If so, farewell “auction fever”—the contagion that spreads among the susceptible in a packed salesroom. Stay-at-home sales are likely to flatten the fervor.

Porter had told von Aue that “what has absolutely been put on hold is the sale of significant numbers of estates, and that will return in the fall.” But a spokesperson for rival Sotheby’s assured me that the 26 works from the collection of the late Harry W. and Mary Margaret Anderson, highlights of its contemporary offerings, are still planned for its June sale:

Clyfford Still, “1947-Y-No.1,” 1947 (Sotheby’s estimate: $25-35 million)
Collection of the late Harry W. and Mary Margaret Anderson

We may soon hear how Sotheby’s has done with at its own attempted auction innovation—In Confidence: Selected Masterpieces. Launched on May 15 and ending May 23, it’s a 12-lot sale (see them here) based in Hong Kong, for which written commission bids are being submitted confidentially.

Here’s one highlight:

Yayoi Kusama, ‘Untitled’, 1960

As described in Sotheby’s press release:

Bidders will be notified if they have been outbid and will have a final chance to submit a best and final offer by the preset deadline, at which point the winning bidder will be established. All bidding information and results will remain confidential. The bidding process will be monitored by an independent auditor.
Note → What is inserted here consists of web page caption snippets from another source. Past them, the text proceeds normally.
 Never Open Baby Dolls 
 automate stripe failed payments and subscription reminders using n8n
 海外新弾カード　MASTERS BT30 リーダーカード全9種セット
It sounds like they’re trying to genetically engineer an unnatural cross between two species—private sale and silent auction. I wonder whether auction clients will feel comfortable with this contrivance: Veiling bids in semi-secrecy runs counter to the auction principle of transparency. What’s more, the highest “confidential” bidder can then be sabotaged in an endgame that gives others a last chance to prevail. By contrast, conventional sales at auction houses and dealers offer instant gratification: You quickly know whether your offer has clinched the work or not.

A telling test of the post(?)-Covid market may come in late June if Sotheby’s is able to proceed with its evening sales. NYC Mayor Bill de Blasio has said he hopes to begin phased reopening of businesses in the city by mid-June, but he has not yet announced what activities will be allowed and under what conditions. Meanwhile, the Metropolitan Museum recently pushed back its tentatively planned reopening to mid-August at the earliest, from the previous target date of July 1.

One can imagine that if Sotheby’s somehow does manage to pull off its June evening sales, it will have bragging rights over Christie’s, attracting clients who are eager to resume selling- and buying-as-usual. Perhaps this feat can be achieved by limiting the size of the live audience, if any; enforcing social distancing; requiring masks; maybe even checking temperatures at the door. As a backup, perhaps they’ll keep it online and on phones. (That’s my own guess, not their announcement.)

To me, the June convening of crowds (even in controlled numbers) at New York auctions or museums still sounds like a long shot. Time (and Mayor de Blasio) will soon tell.